§ **Assigned task**: If a line below falls between the line with "Fortepianoları kökləyən lənkəranlı" and the line with "Apartamento en Venta", or is one of those two, output it exactly; output nothing else and no pictures.

§ **Raw data**:
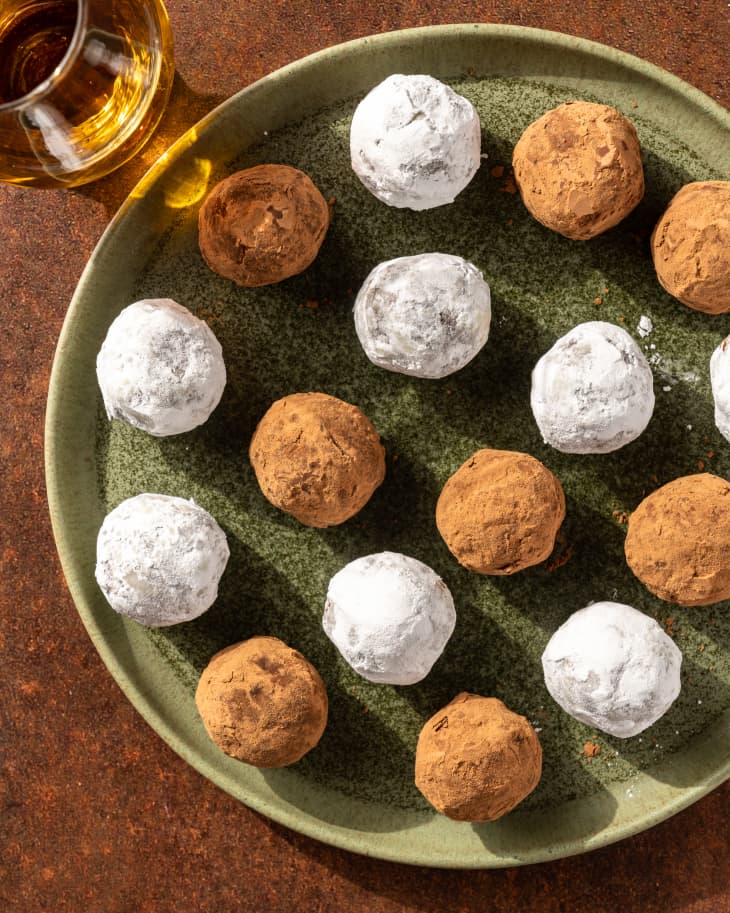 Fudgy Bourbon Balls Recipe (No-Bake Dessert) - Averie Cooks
...
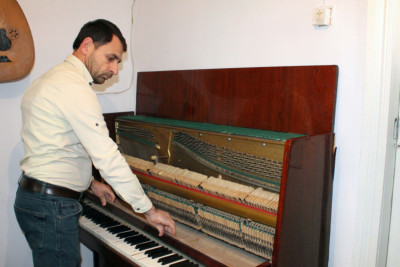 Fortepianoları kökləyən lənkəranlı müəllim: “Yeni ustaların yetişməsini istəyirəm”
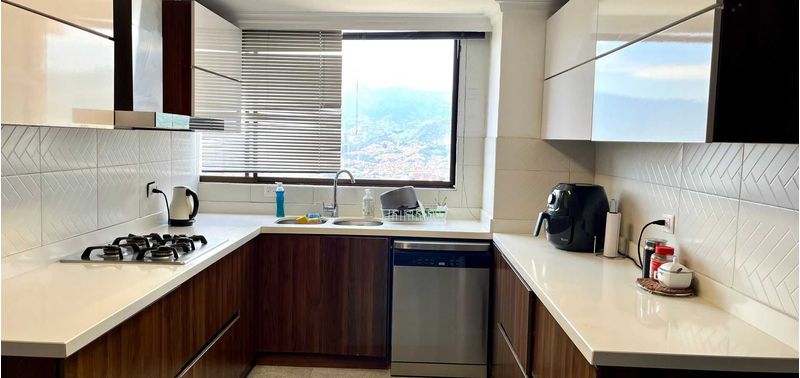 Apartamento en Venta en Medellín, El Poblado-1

§ **Result for this exercise**:
 Fortepianoları kökləyən lənkəranlı müəllim: “Yeni ustaların yetişməsini istəyirəm”
 Apartamento en Venta en Medellín, El Poblado-1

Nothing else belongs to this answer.